Hollyoaks, Skins, Misfits, The Inbetweeners*. Channel 4 loves a bit of the old young guys having fun shit, it’s probably the only thing they’re really appreciated for that doesn’t feature horribly disfigured human beings. So why stop with these programmes when they can make more? If they don’t, BBC Three will have a go and no one wants that to happen.

The Inbetweeners will likely be confined to cinemas for its remaining lifetime, and the next series of Misfits will likely be shit after the departure of Robert “the only good thing about Misfits” Sheehan, so Channel 4 need a new “young hip person” kind of show, because we’re never going to survive on Hollyoaks and fucking Skins are we? So what have Channel 4 given us? Fresh Meat, a new comedy about university students.

Hmm, a comedy about university students? That’s new. Well you’re wrong. BBC Three had their own university sitcom a while back called Off The Hook, which was exactly that, if “off the hook” meant fucking awful. In a blog way back last summer I called it the worst thing I’ve ever seen, and it probably still is. Hopefully the writers of Fresh Meat (Peep Show’s Jesse Armstrong and Sam Bain) watched this crock of shit and made a meticulous list of notes of how not to write a university based sitcom.
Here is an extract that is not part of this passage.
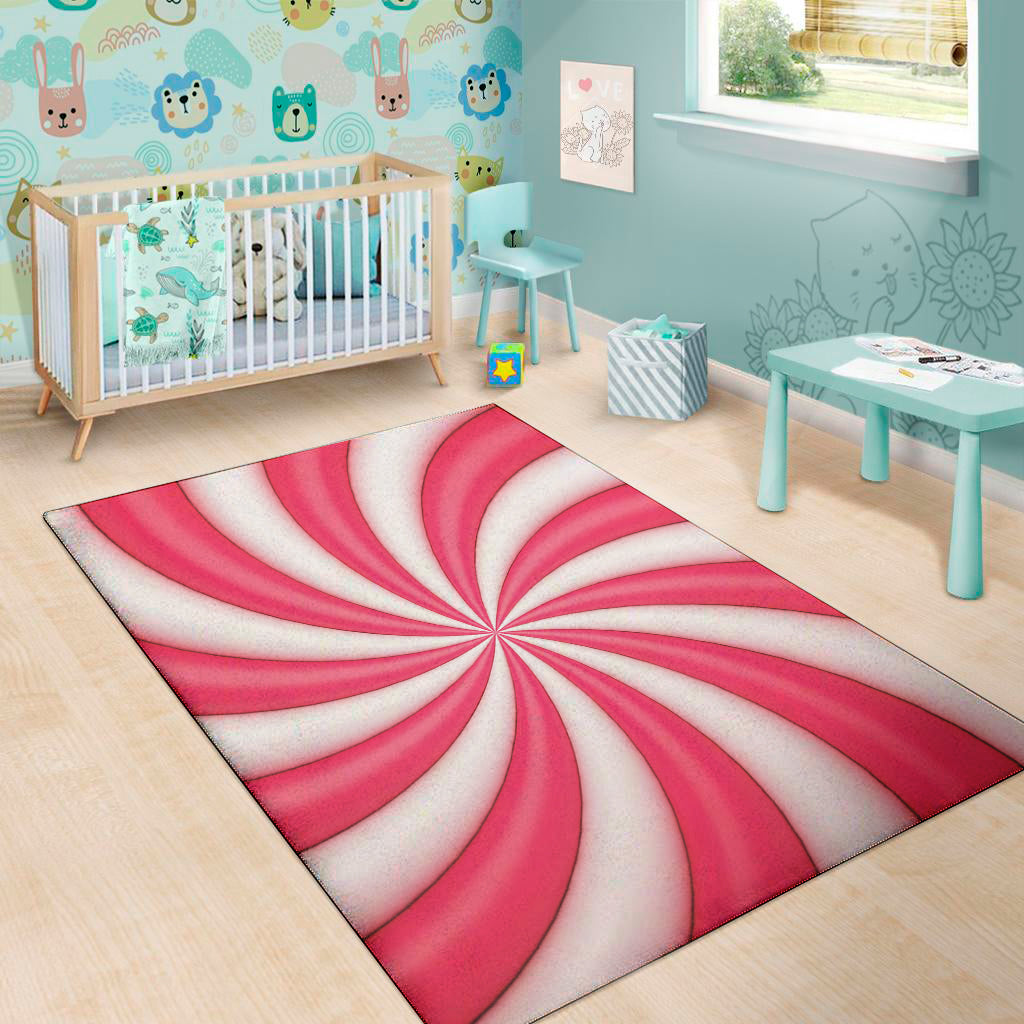 Pink Swirl Candy Print Area Rug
Having watched the first episode of Fresh Meat, they probably didn’t. While avoiding Off The Hook is not only understandable but advised, Fresh Meat suffers from many of the same problems. The biggest being that it doesn’t feel like an actual university experience. Both shows depict a small group of “losers” living in a horrid squat far away from a campus and any other students. Are we supposed to believe that a university only has five or six students? Where are the all other dickheads? Where is the university? How did these esoteric creatures get an offer in the first place?

The answer to all these questions might be “we didn’t have the budget”, but if you don’t have the budget, don’t bother, make it something else, make it a comedy about some young twenty something flatmates, it’s not vital that they’re students unless the comedy is going to derive from that fact. When you’re at university you’re always surrounded by hundreds of people, not four. When you go out, you don’t go to a quiet pub populated by old people and Jack Whitehall. It’s about university students, but without seeing a university, how are we supposed believe this? Oh they have to write a personal statement, they’ve only just moved in (without any bags), they haven’t even started yet, but they have an assignment to complete. That’s baloney! (I’m trying it out).

The validity of the setting shouldn’t be such a concern but when the show is primarily about university students there should be at least some sense that they are students and that a university actually exists. The comedy should be about the troubles of being a student, and it’s hard to do this with only four or five characters living under one roof. Drying poultry with a hairdryer might be fine in The Mighty Boosh, but not in this. Fresh Meat seems like it’s accidentally surreal; Do girls sleep with someone they don’t really like on their first night because they just want sex? Why are they drinking a bottle of vodka in a pub toilet? It’s the little things that an OCD freak like me obsesses over. I’ve written three fucking paragraphs about it.

With the realism aside, it’s not actually terrible, but it’s not something that you should watch. The Inbetweeners’ Joe Thomas makes up part of the ensemble, playing another awkward teen as if he’s becoming Britain’s answer to Michael Cera, yet apart from being slightly awkward and slightly perverted, there’s not really much else to his character. This is the same for most of the characters, they’re all slightly something, slightly uptight or slightly hipster, but there’s nothing substantial to any character.

And yes, I mentioned Jack Whitehall earlier. That comedian who isn’t funny, acting? If he’s a bad comedian he must be a terrible actor. Which is why he’s playing himself, a posh coke head. Whitehall already has a posh accent yet exaggerates it so much it sounds hideously fake. It makes you wonder how he’s become so successful despite having so little talent. The only actual comedy comes from Greg McHugh (from Gary: Tank Commander) but there’s a sense that he’d be funny in anything and perhaps Armstrong and Bain (or Bain and Armstrong?) would have been better suited to writing a sitcom specifically for McHugh.

It’s slightly disappointing that the writers of Peep Show and Four Lions have given us Fresh Meat, they may be talented writers but this isn’t their magnum opus. I’d like to think that they weren’t involved in every aspect of the programme, that the producers specifically wanted this, and requested Jack Whitehall to be in it. Perhaps it’ll get better, but I don’t really want to find out. The fresh meat is already rotting.

*I forgot about Beaver Falls, but perhaps for a good reason.